:: Goal of the exercise ::
Your task is to give the listing below back word for word, pictures excluded.

:: Dataset excerpt ::
────────────────────

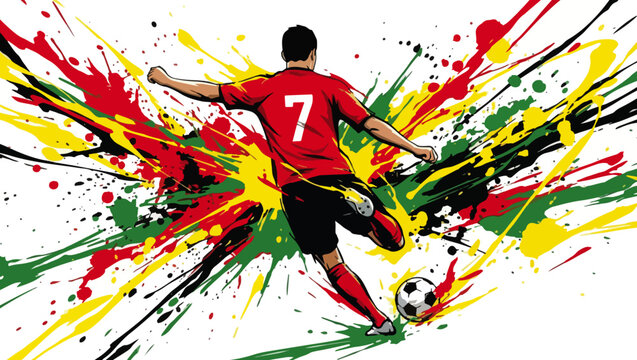 Anonymous Soccer Player Splash Art, Anonymous Soccer Player Splash Art, soccer player illustration, anonymous footballer, back view athlete, dynamic soccer action, red uniform player, CR7, Cristiano, 
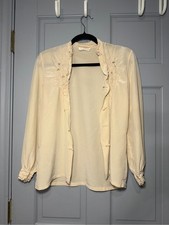 Vintage 1980s 100 Silk Chinese Hand Embroidered Frog Closure Blouse Jacket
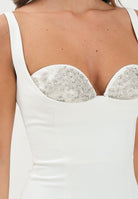 ELISABETTA FRANCHI Abito midi avorio da donna con cristalli AB83557E2 360 ELISABETTA FRANCHI 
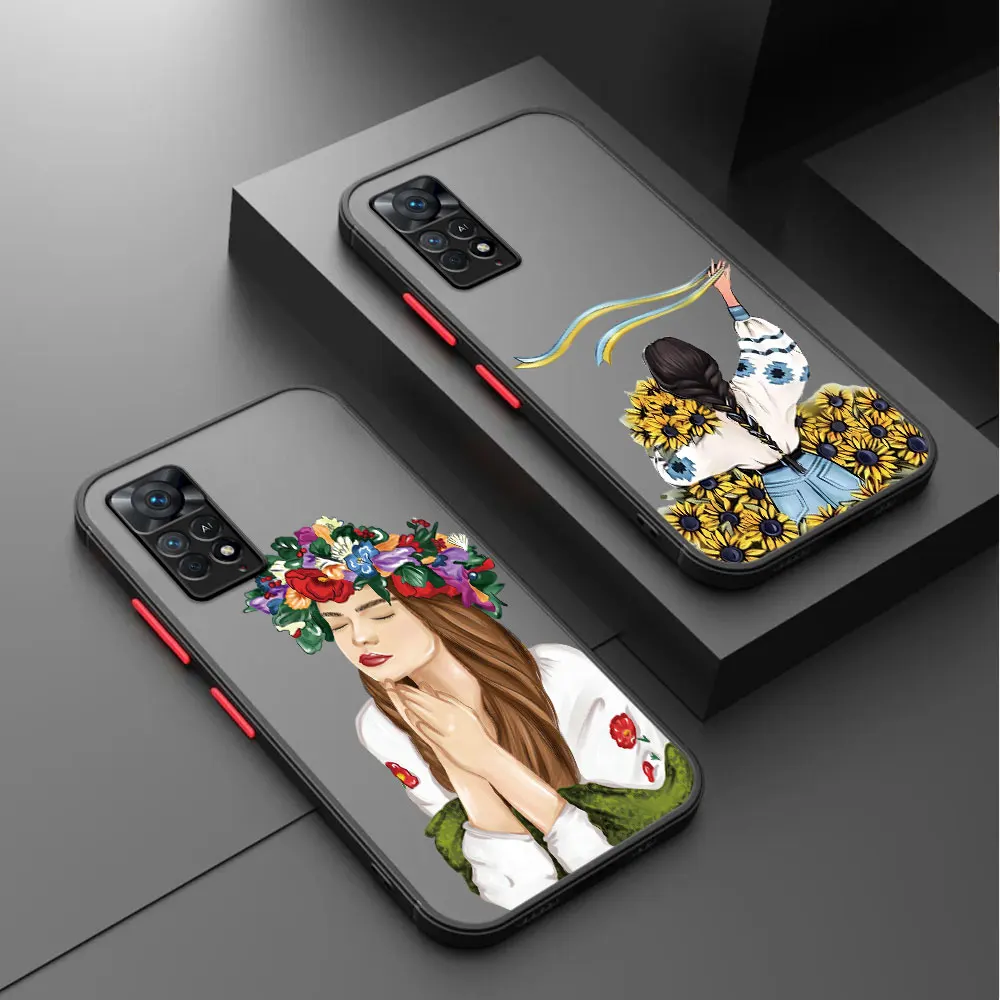 

phone cases for Redmi Note 12S 11 K40 8 10S 11Pro 10 13 8T 9 11S 10 Lite 12 Luxury Matte Back Cover Ukraine Boygirl Falling love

────────────────────

:: Reply ::
 Anonymous Soccer Player Splash Art, Anonymous Soccer Player Splash Art, soccer player illustration, anonymous footballer, back view athlete, dynamic soccer action, red uniform player, CR7, Cristiano, 
 Vintage 1980s 100 Silk Chinese Hand Embroidered Frog Closure Blouse Jacket
 ELISABETTA FRANCHI Abito midi avorio da donna con cristalli AB83557E2 360 ELISABETTA FRANCHI 

phone cases for Redmi Note 12S 11 K40 8 10S 11Pro 10 13 8T 9 11S 10 Lite 12 Luxury Matte Back Cover Ukraine Boygirl Falling love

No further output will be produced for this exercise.